In the structure, the SoC 102 further includes a sleep control module 1025 for causing the SoC 102 to switch between the sleep mode and the working mode under the control of the central processor 1021. Here, when the SoC 102 receives the control command, the SoC 102 can be controlled to perform the transition in the sleep mode and the work mode.

In the structure, the SoC 102 further includes a global positioning system (GPS) module 1026 and a wireless communication module 1027 for respectively performing positioning and wireless communication on the SoC 102 under the control of the central processing unit 1021. Here, the wireless communication module 1027 can adopt a WiFi or Bluetooth mode.

In this configuration, a Universal Serial Bus (USB) interface 1028 is also included in the SoC for debugging the SoC or providing access to the camera 103.

In this configuration, the SoC further includes a storage unit 1029 for storing the encoded transmission line image and then transmitting it to the baseband unit 1023 for processing.

In this configuration, the SoC 102 and the camera 103 are connected by a Mobile Industry Processor (MIPI) interface.

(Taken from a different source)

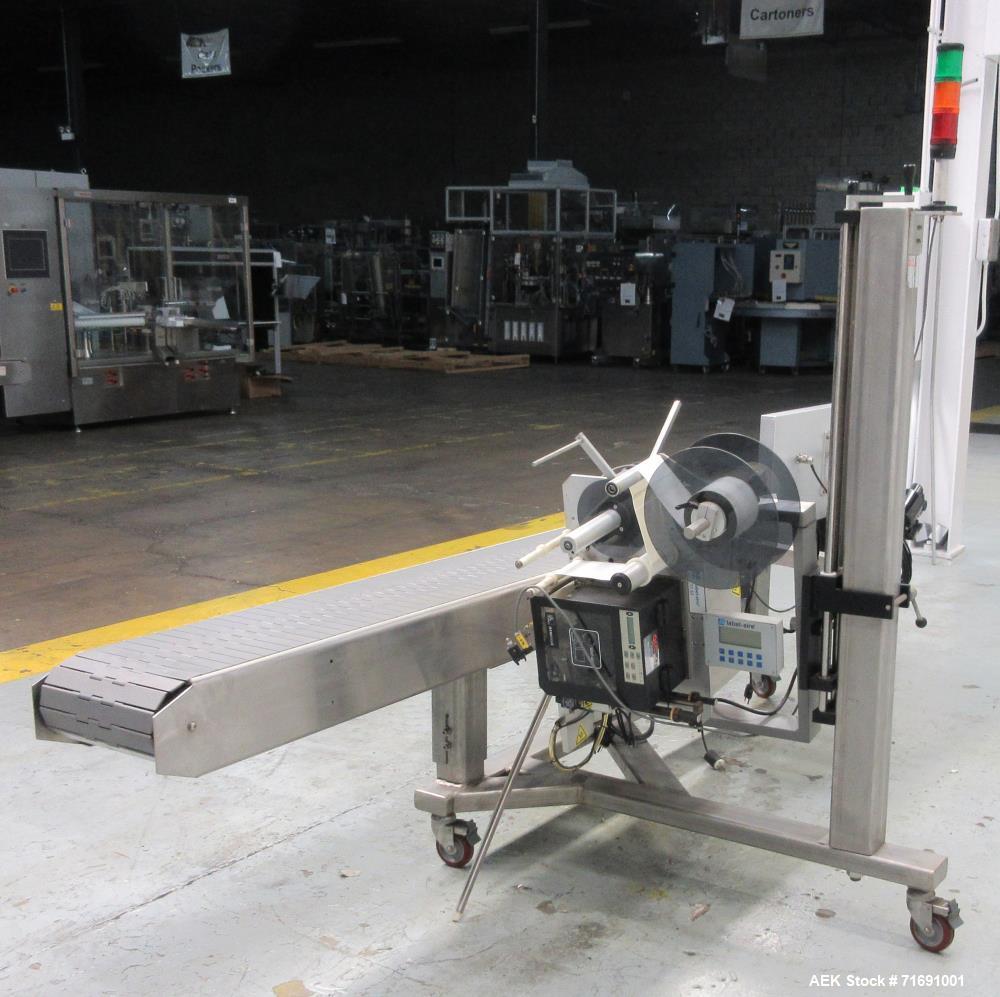 Used Label-Aire Model 3138N Print and Apply Case Labeling System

As can be seen from Figure 1, in the SoC, combined with high-speed communication mobile broadband technology such as 3G or 4G and powerful multimedia functions, 3D graphics function and GPS engine, can bring extremely high processing speed to monitoring equipment, very low Power consumption and realistic multimedia and comprehensive connectivity.

An application processor (AP) and a baseband processor (BP) are integrated in the SoC, including a baseband unit, a radio unit, a storage unit, a GPS module, image acquisition and encoding processing, WiFi, Bluetooth, and/or Functional modules such as the USB interface.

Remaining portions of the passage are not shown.